*TASK GOAL*: What should be copied is the stretch of entries below from the line with "Servilleta De Papel" up to and including the line with "2Pcs Face Down", exactly and without images.

*INPUT DATA*:

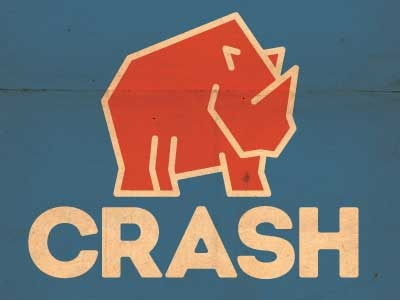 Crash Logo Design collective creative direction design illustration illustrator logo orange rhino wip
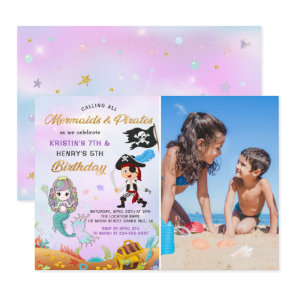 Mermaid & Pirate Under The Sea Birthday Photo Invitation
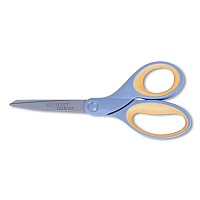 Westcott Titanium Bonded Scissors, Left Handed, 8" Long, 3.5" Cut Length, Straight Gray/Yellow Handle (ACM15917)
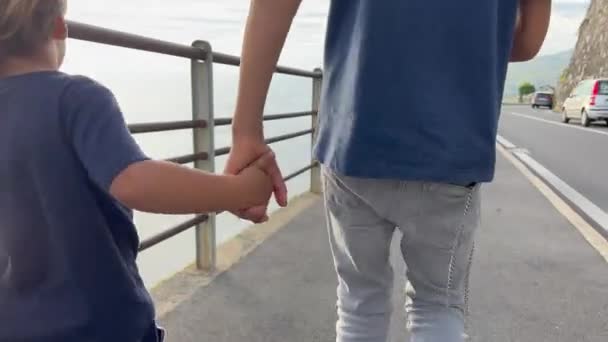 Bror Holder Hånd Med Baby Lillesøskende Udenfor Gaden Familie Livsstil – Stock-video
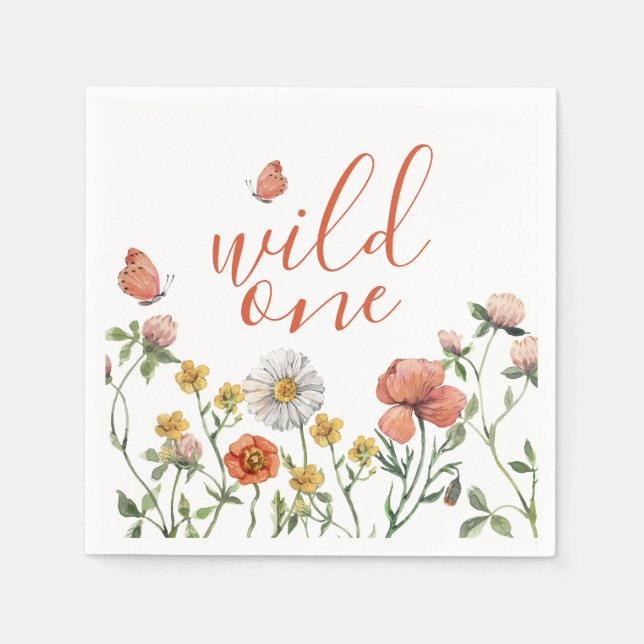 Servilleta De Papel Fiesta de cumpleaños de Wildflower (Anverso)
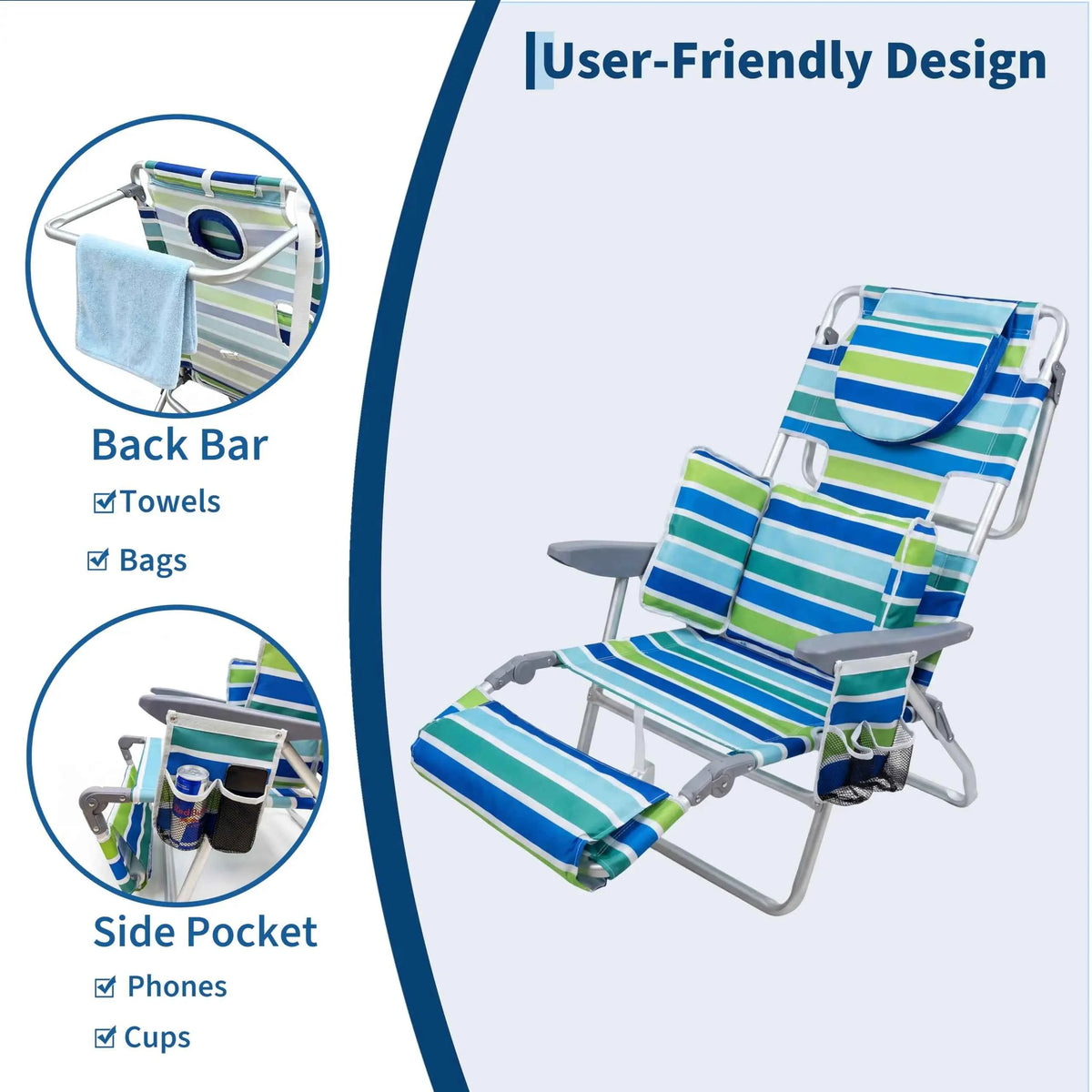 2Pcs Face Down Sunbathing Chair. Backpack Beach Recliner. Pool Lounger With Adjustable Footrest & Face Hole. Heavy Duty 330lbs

* * *

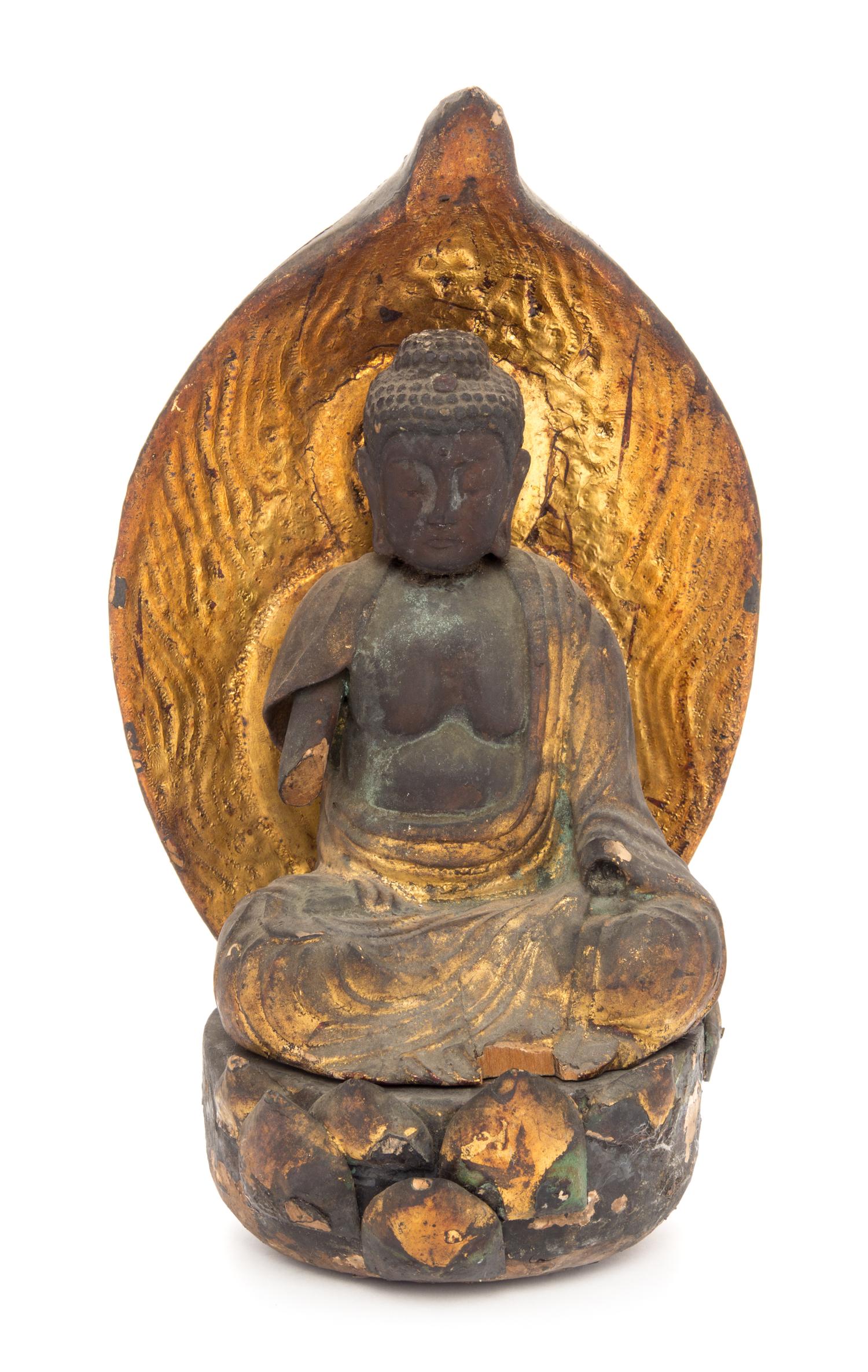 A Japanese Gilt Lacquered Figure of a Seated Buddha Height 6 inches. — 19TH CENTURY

*THE COMPLETED TASK*:
 Servilleta De Papel Fiesta de cumpleaños de Wildflower (Anverso)
 2Pcs Face Down Sunbathing Chair. Backpack Beach Recliner. Pool Lounger With Adjustable Footrest & Face Hole. Heavy Duty 330lbs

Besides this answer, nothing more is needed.